ETERNAL SUNSHINE OF THE SPOTLESS MIND.

That's a movie title, but it is also an order. If it's playing anywhere near you, even if you are unreasonably averse to the very idea of seeing movies in movie theaters, you've just got to go. It's fantastic. The only way you can get out of this assignment is if you have a very large television at home to ensure an optimal viewing experience when it is out on DVD, but even then you would be depriving yourself of something really special.

So yeah, I liked it. It blew my mind and made me cry and coated my soul in creamy awesome, even though I was sitting next to a guy who would shout OH MY GAWD! in the Stereotypical Gay Guy Voice whenever anything would happen, who also drained his soda in the first half hour and spent the rest of the movie noisily digging ice out of his cup during dialog.

This week, I have some bad news, some neutral news, and some good (but, I'm warning you now, videogame-related) news.

First the bad news, I suppose.
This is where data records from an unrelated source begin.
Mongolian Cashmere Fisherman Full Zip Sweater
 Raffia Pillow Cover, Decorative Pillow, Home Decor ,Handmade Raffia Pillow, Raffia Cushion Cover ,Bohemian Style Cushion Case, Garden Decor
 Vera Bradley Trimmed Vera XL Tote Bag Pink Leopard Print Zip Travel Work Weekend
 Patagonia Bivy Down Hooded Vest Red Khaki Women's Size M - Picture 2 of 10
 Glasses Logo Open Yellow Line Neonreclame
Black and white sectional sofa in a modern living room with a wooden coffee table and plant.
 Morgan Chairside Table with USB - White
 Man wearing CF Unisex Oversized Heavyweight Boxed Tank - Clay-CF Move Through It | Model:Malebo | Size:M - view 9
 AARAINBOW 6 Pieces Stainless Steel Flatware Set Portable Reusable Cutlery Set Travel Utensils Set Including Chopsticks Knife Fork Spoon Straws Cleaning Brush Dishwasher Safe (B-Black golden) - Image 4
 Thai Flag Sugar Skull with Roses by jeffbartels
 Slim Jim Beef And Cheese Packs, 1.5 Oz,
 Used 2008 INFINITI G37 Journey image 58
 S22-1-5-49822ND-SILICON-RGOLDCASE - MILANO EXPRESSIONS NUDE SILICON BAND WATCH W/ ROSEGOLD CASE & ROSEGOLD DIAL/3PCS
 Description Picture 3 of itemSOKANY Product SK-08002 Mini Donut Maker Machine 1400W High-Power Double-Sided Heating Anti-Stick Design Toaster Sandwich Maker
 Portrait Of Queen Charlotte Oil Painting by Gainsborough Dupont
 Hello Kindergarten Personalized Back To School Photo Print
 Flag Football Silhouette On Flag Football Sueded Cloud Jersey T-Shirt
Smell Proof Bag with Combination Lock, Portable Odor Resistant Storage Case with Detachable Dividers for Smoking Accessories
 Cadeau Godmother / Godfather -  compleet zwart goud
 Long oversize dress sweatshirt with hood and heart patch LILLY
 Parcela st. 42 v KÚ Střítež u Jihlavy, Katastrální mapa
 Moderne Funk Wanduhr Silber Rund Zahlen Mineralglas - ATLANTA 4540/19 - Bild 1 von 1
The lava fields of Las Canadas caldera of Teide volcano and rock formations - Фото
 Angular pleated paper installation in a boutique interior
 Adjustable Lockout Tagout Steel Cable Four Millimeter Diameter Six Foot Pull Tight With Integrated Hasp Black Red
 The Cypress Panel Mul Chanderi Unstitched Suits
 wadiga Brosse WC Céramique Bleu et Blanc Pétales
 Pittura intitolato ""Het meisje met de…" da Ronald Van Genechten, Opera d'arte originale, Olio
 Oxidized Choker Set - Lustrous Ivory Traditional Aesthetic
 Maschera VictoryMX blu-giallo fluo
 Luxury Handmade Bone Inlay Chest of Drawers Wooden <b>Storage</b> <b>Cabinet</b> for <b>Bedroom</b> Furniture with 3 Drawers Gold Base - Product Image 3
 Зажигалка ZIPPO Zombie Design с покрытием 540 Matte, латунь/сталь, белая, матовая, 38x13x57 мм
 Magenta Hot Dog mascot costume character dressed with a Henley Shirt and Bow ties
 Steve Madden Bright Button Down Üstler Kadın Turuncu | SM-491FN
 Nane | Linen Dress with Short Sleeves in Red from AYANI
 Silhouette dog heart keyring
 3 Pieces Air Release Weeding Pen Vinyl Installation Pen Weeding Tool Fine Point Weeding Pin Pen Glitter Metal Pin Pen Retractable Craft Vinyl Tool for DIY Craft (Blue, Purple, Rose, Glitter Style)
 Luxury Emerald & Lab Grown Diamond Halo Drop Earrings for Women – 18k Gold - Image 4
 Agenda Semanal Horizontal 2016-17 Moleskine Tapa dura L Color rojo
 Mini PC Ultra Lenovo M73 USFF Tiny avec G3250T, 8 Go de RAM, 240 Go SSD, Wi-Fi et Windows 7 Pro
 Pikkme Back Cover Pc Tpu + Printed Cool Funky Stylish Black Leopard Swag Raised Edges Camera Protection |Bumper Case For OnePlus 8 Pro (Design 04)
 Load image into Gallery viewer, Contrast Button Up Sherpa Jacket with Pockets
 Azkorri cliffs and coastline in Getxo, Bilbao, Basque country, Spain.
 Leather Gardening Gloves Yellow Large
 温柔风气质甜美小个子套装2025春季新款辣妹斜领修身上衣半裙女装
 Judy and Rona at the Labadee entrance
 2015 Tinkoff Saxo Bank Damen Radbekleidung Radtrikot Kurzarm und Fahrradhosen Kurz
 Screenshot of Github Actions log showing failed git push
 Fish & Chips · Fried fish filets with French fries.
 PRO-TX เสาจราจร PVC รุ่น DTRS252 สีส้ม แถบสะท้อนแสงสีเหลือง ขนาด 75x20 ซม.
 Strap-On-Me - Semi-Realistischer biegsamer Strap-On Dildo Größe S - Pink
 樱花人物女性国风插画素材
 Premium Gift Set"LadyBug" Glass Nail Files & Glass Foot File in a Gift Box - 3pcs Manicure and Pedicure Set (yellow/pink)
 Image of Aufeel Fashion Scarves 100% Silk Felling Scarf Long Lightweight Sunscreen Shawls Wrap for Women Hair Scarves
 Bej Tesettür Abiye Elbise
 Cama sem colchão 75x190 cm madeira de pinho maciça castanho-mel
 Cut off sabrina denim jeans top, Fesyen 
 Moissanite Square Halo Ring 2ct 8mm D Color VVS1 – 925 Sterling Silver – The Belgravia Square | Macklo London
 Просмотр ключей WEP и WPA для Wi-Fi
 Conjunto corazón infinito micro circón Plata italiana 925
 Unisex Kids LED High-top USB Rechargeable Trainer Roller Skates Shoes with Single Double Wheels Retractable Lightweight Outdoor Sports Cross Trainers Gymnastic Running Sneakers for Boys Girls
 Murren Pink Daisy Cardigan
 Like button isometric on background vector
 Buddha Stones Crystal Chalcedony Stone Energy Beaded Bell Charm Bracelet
It turns out that Laurie's car had electrocuted itself. Not even the mechanic is sure how it happened, but-- you'll have to excuse the crudity of my explanation, for I know nothing about cars-- something under her hood went KA-PCRHWWWWEWW and that thing was connected to every other important thing under the hood and all those important things went FRZZZZZKT. The repair cost was an estimated one thousand dollars.

Making things not only sad but complicated, Laurie had planned on telling the mechanic to junk her car, but before she had that opportunity, Laurie's mother told the mechanic to go ahead and fix it. Laurie is within walking distance of her job, so being without a car would have been annoying but not tragic. What Laurie's mother (claimed she) did not know is that Laurie does not have one thousand dollars.

My theory, though, is that Laurie's mom did know that, and this is her well-meaning but backwards way of inspiring Laurie to get a second job, which is something she's been hinting in unsubtle terms that should really be done. Laurie's job is well-paying but only part-time, with a limit on the number of hours that can be worked per year.

This reminds me, somewhat painfully, of my father, who had a number of sneaky ways to try to trick me into working more. No matter how much I worked, it was never enough. If I was working 40 hour weeks, he would lecture me on my need for a better job. The credit card debt I worked so long to pay off was the result of one of those little "life lessons" of his, and although I wouldn't mind Laurie having another part-time job, I just think it's all kinda crappy and I don't want her to get stuck the way I did.

I'm sure it wasn't as malicious as I'm making it sound, but man, it annoyed me. I like Laurie's mom a lot but there should really be a satute of limitations on the age at which one's parents are allowed to meddle.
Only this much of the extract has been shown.